- [TASK BRIEF] In the data below, reproduce everything exactly except the images.

- [DATA SUPPLIED]
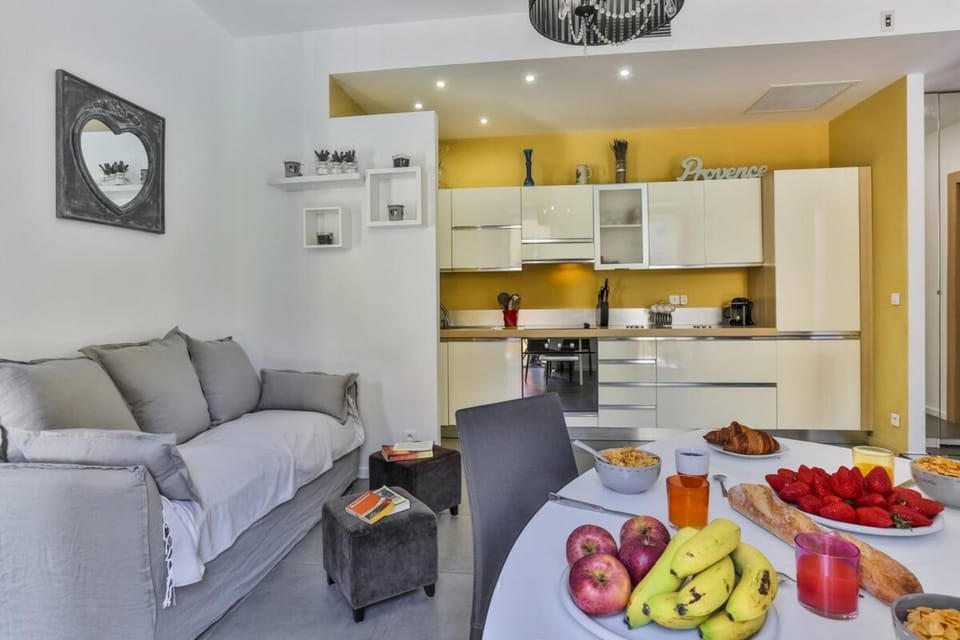 MY CASA - FRANCE 82 D - 2 rooms - Terrace - 1 min to the Sea Apartment in Nice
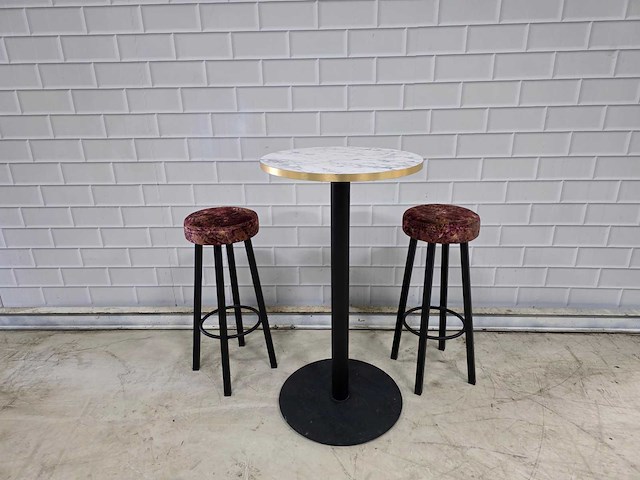 Bartafel set bestaande uit 1 tafel en 2 krukken - afbeelding 2 van  5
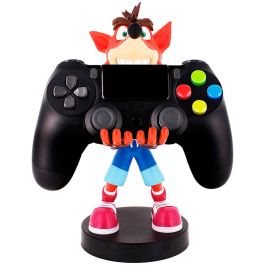 EXQUISITE GAMING Cable Guy Soporte Figura Crash Bandicoot 20cm para Mandos y Teléfonos PlayStation, Xbox y iPhone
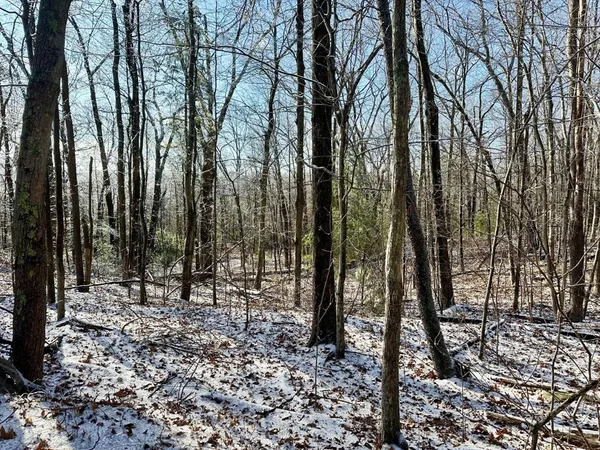 $250,000 | 99 Burbank Road, Sutton, MA 01590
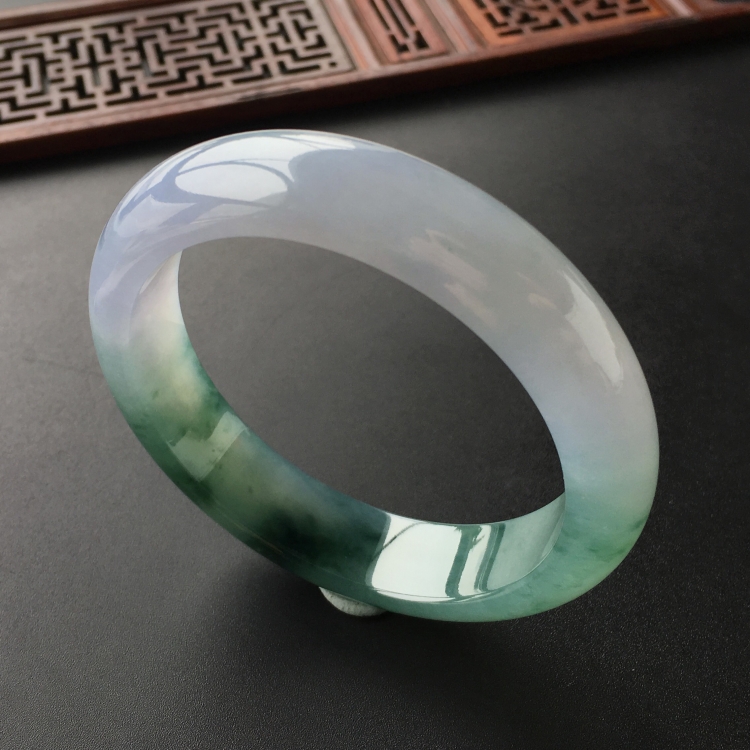 (超值推荐)糯冰种紫罗兰飘花手镯(56.7mm)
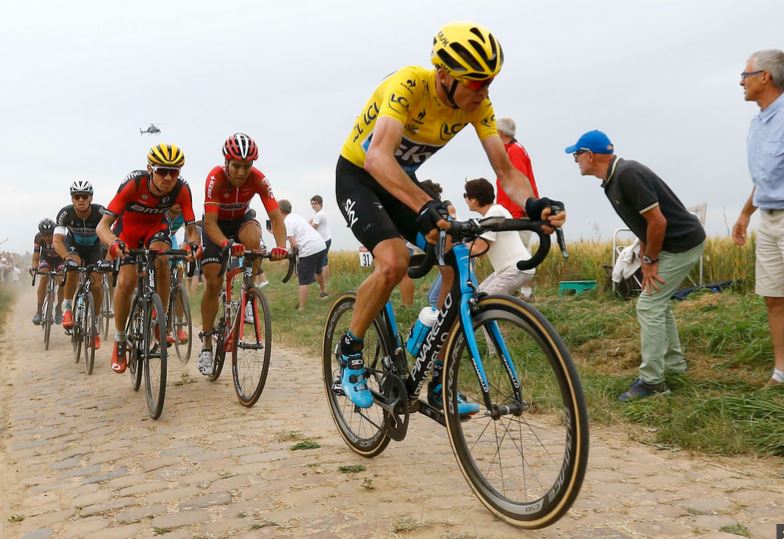 froome cobbles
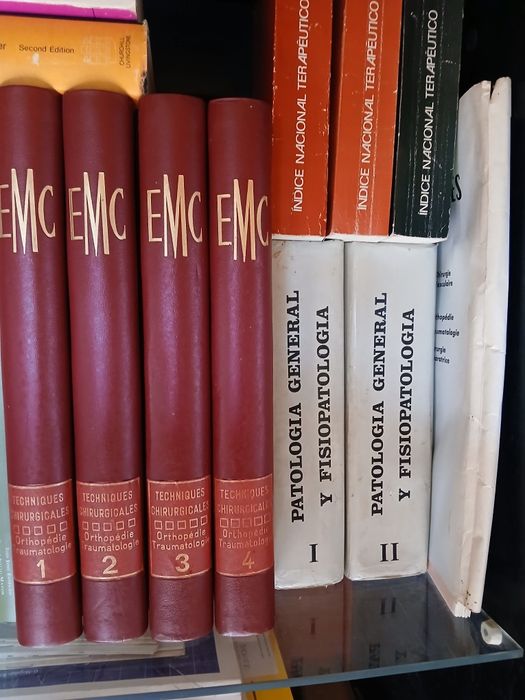 Varios livros antigos de medicina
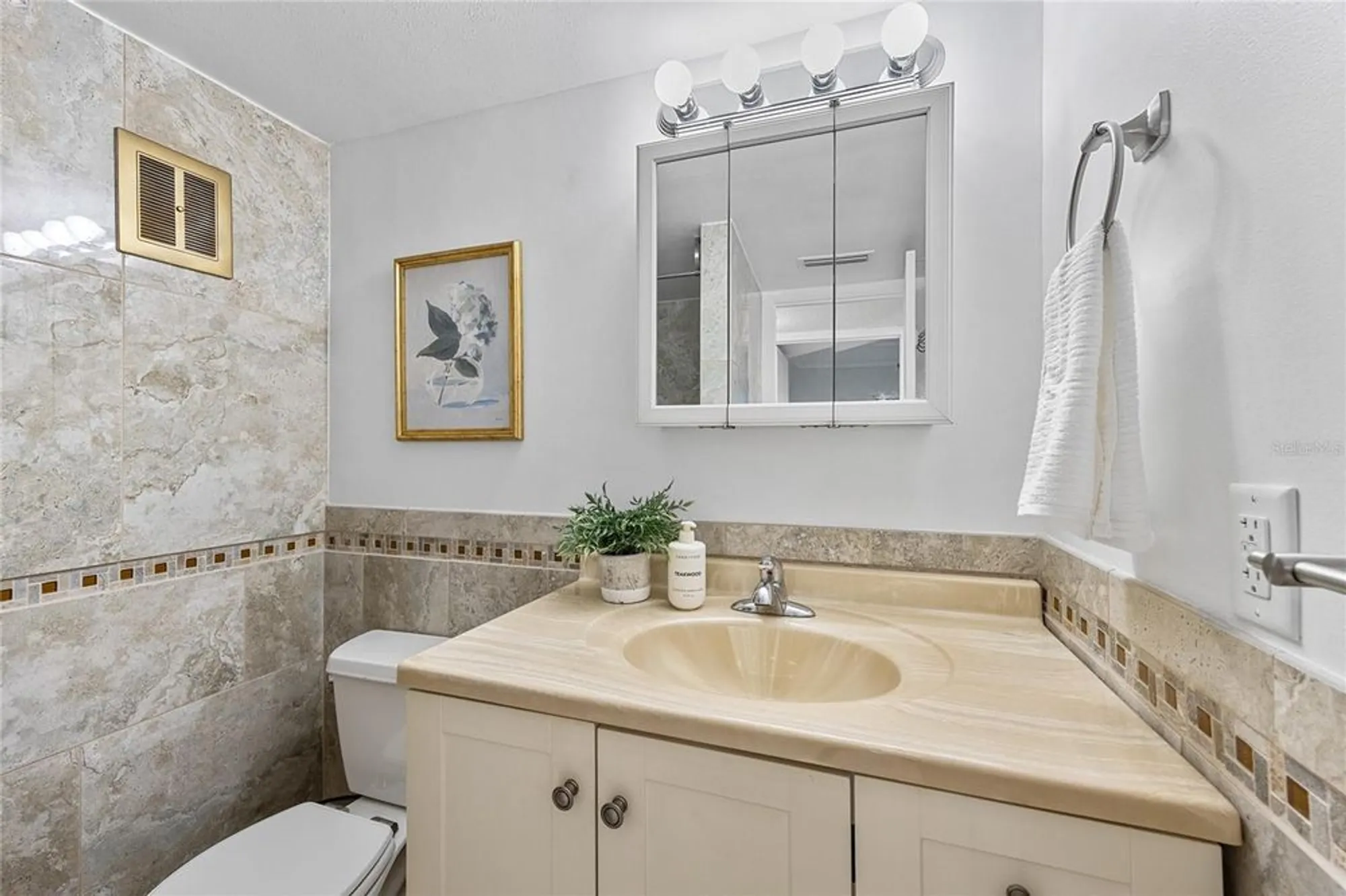 Property Slideshow image 23 of 39 | 4775 cove cir apt 203, St Petersburg, FL, 33708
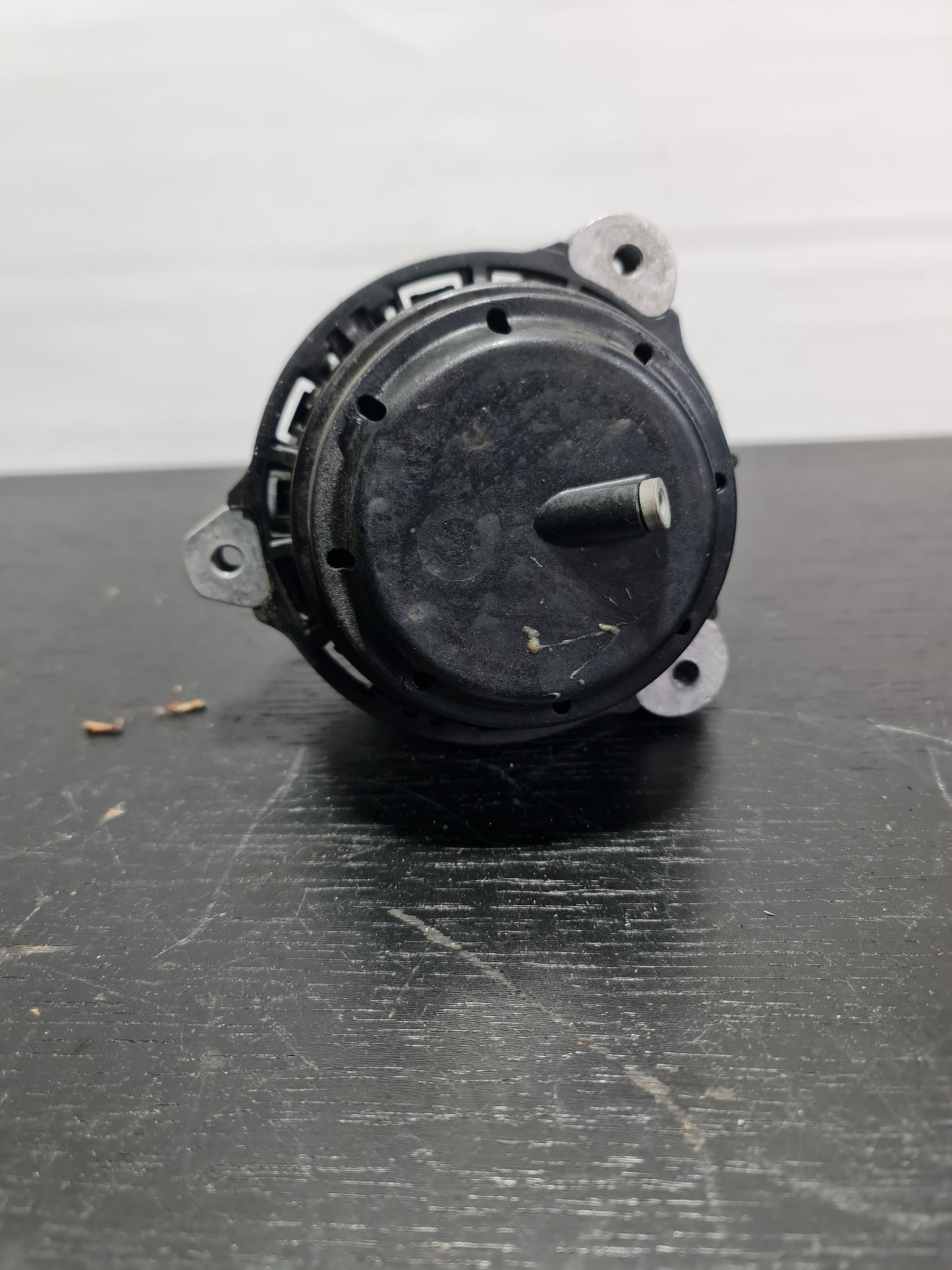 BMW 7 G11 G12 LEFT SIDE ENGINE MOUNT 6860481 22116860481 - MPerformance.parts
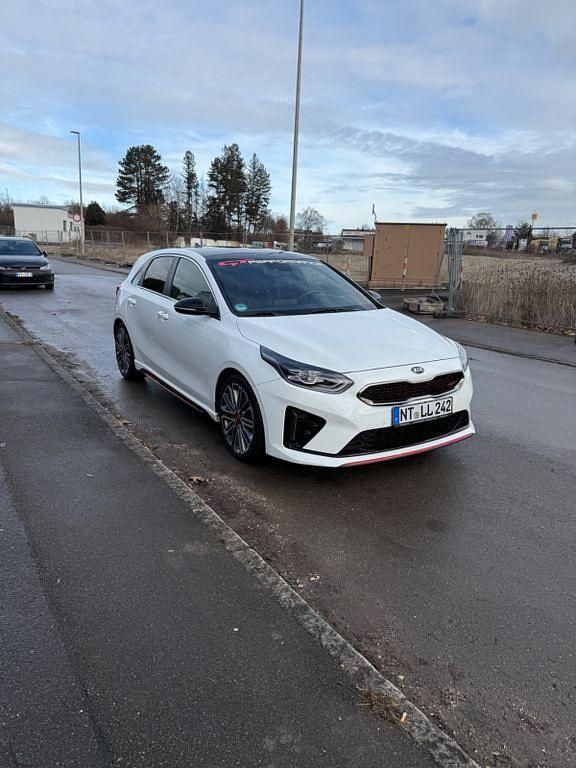 Gebraucht Kia Ceed GT GT 204 PS (150 kW) 2018 Weiß Limousine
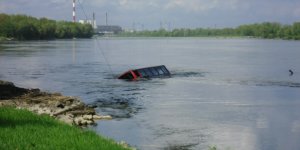 Podnoszenie angielskiego autobusu z Wisły - pierwsze podejście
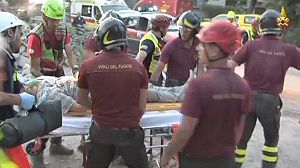 Another night in tents for Italy earthquake victims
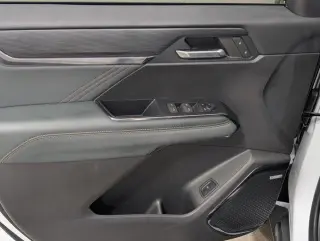 GMC Acadia 2025 4x4 AT4 4 puertas SUV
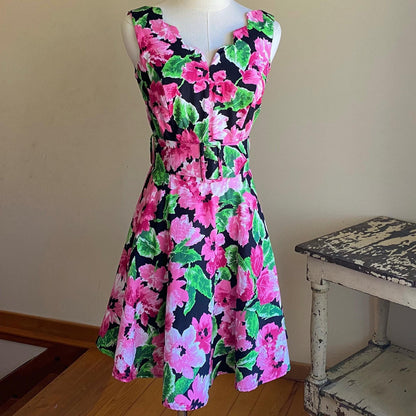 Vintage 80’s garden print party dress short sleeveless pink & green floral // 35” bust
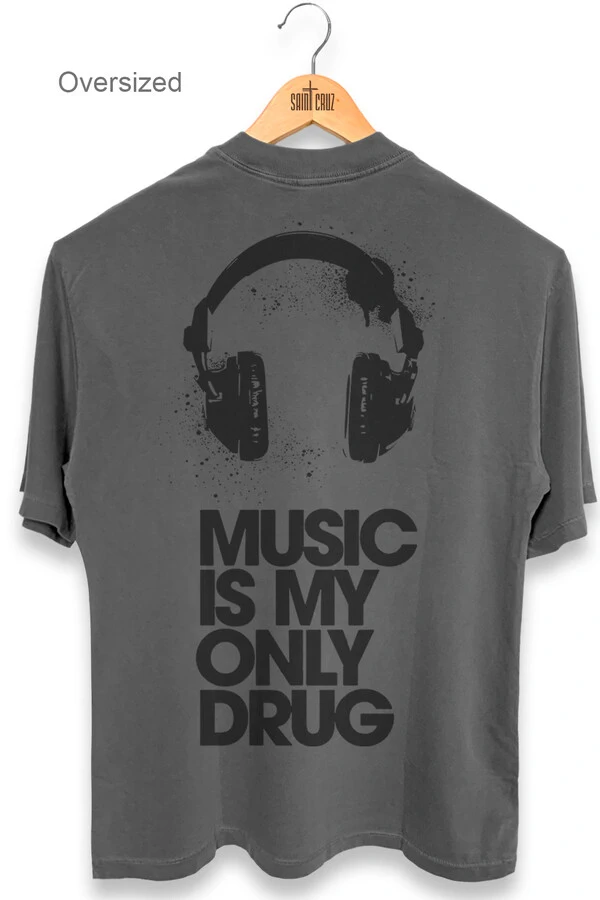 Camiseta oversized estonada chumbo Drug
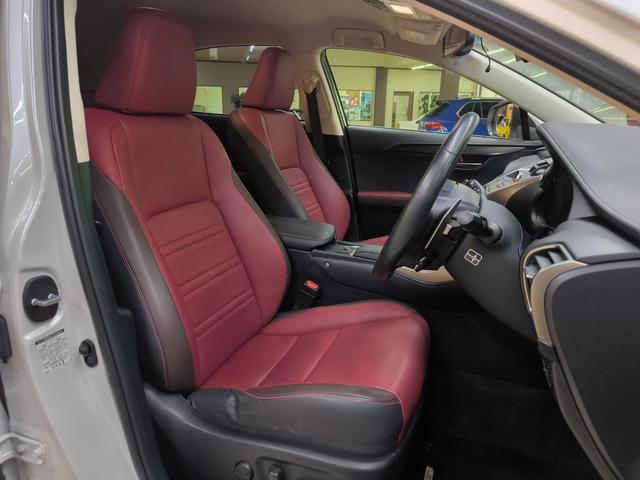 シートの状態も良好です！足元も広々としているので快適に運転することができます！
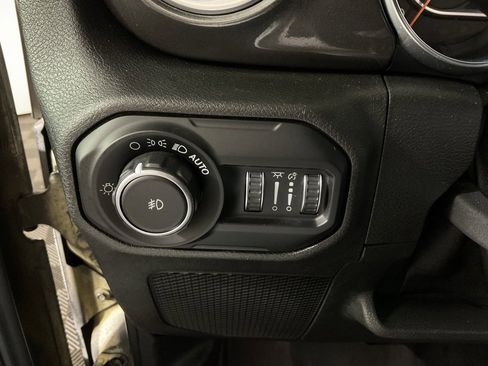 Used 2020 Jeep Wrangler Unlimited Sahara image 25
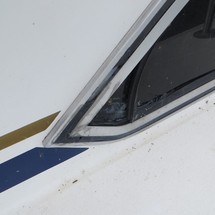 Sea ray 390 express cruiser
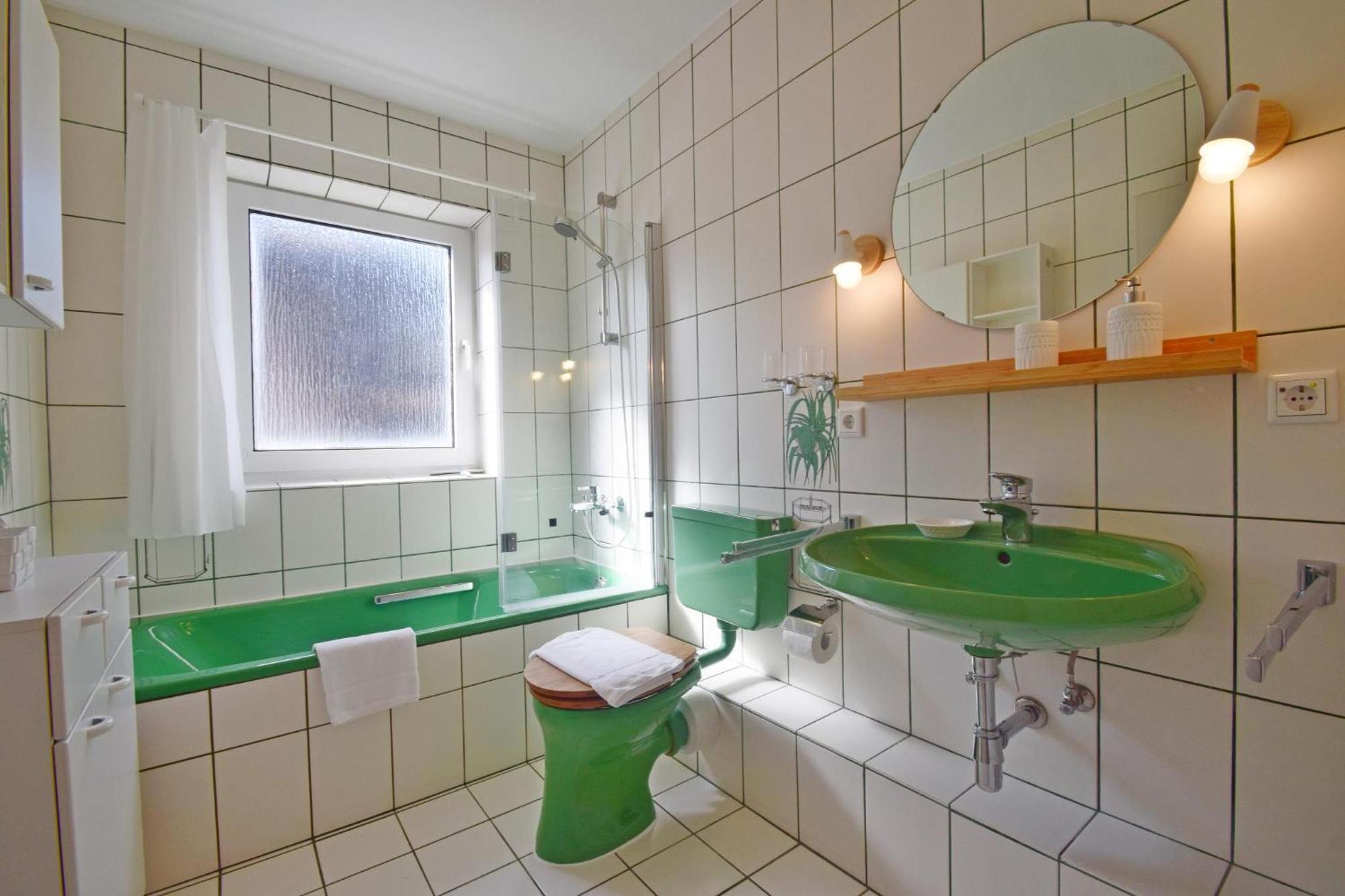 In Mit Großem Garten Und 2 Badezimmer Ferienhaus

- [ANSWER SECTION]
 MY CASA - FRANCE 82 D - 2 rooms - Terrace - 1 min to the Sea Apartment in Nice
 Bartafel set bestaande uit 1 tafel en 2 krukken - afbeelding 2 van  5
 EXQUISITE GAMING Cable Guy Soporte Figura Crash Bandicoot 20cm para Mandos y Teléfonos PlayStation, Xbox y iPhone
 $250,000 | 99 Burbank Road, Sutton, MA 01590
 (超值推荐)糯冰种紫罗兰飘花手镯(56.7mm)
 froome cobbles
 Varios livros antigos de medicina
 Property Slideshow image 23 of 39 | 4775 cove cir apt 203, St Petersburg, FL, 33708
 BMW 7 G11 G12 LEFT SIDE ENGINE MOUNT 6860481 22116860481 - MPerformance.parts
 Gebraucht Kia Ceed GT GT 204 PS (150 kW) 2018 Weiß Limousine
 Podnoszenie angielskiego autobusu z Wisły - pierwsze podejście
 Another night in tents for Italy earthquake victims
 GMC Acadia 2025 4x4 AT4 4 puertas SUV
 Vintage 80’s garden print party dress short sleeveless pink & green floral // 35” bust
 Camiseta oversized estonada chumbo Drug
 シートの状態も良好です！足元も広々としているので快適に運転することができます！
 Used 2020 Jeep Wrangler Unlimited Sahara image 25
 Sea ray 390 express cruiser
 In Mit Großem Garten Und 2 Badezimmer Ferienhaus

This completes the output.